Our research focuses on modeling materials at the mesoscale level, which bridges between atomistic building blocks and macroscopic properties. We are interested in microstructures, their kinetic evolution and implications for performance in a wide range of systems from energy storage materials, structural materials, 2D materials to soft matters. We develop and apply a suite of modeling techniques including the phase-field method, front-tracking method and kinetic Monte-Carlo to perform numerical experiments, utilize parallel computing to accelerate simulations, and develop theory to interpret and generalize simulation results. The ultimate goal is to use modeling to inform and guide the design, fabrication and manipulation of mesoscale structures in both structural and functional materials.

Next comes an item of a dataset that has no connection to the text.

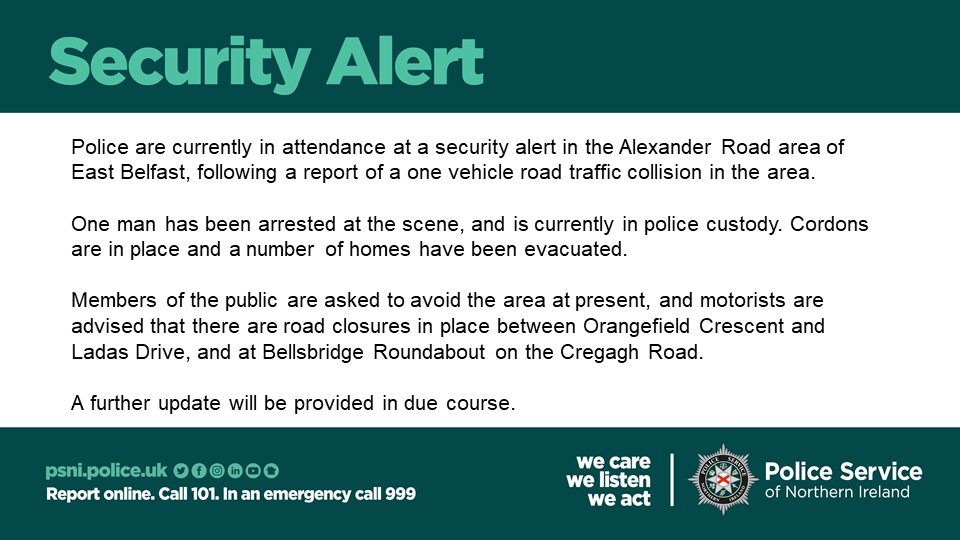 Members of the public are asked to avoid the Alexander Road area of east Belfast due to an ongoing security alert.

Electrochemically driven phase transformations in energy storage compounds
Many battery electrode materials exhibit first-order phase transformations during operation. The transformation process is coupled with ion diffusion, surface reaction, stress development and other physical processes within the materials, often exerting considerable influence on device performance and degradation. While governed by similar thermodynamic and kinetic principles as in other systems that are more traditional subjects of materials science, phase transformations in electrochemical energy storage compounds also have their unique features. First, the large electrochemical driving force inherent in practical use often drives the systems far from equilibrium, which causes metastable transformation pathways to be more easily observed. Secondly, battery electrodes consist of a large number of micro- or nano-particles that weakly interact with each other and the surrounding electrolyte. The nucleation and growth kinetics in such highly partitioned open systems are distinct from bulk materials and the classical theories may no longer be applicable. We are employing mesoscale simulations to discover and understand novel phase transition behavior that results from these features, with particular interest in a number of important electrode materials for lithium and sodium batteries. Our aim is to establish a general theoretical framework for predicting phase transformation phenomena in electrochemical energy storage systems, to guide materials selection and microstructure design.
2D crystal growth
Single layer 2D materials such as graphene and transition metal dichalgenides have attracted considerable research interest because of their many novel properties compared to their bulk counterparts. Chemical vapor deposition (CVD) is one of the most promising techniques towards scalable synthesis of large-area, high quality 2D materials. However, CVD synthesis often results in a rich variety of crystal shapes that are challenging to control, and the formation mechanisms of such diverse morphologies are poorly understood despite their important implications for the functionality of 2D materials. We are using mesoscale modeling of 2D crystal growth process to explain experimentally observed crystal shape evolution and elucidate the dependence of crystal morphologies on growth process parameters. Our goal is to apply predictive modeling to guide the control and optimization of the interface morphologies of 2D single and poly-crystals.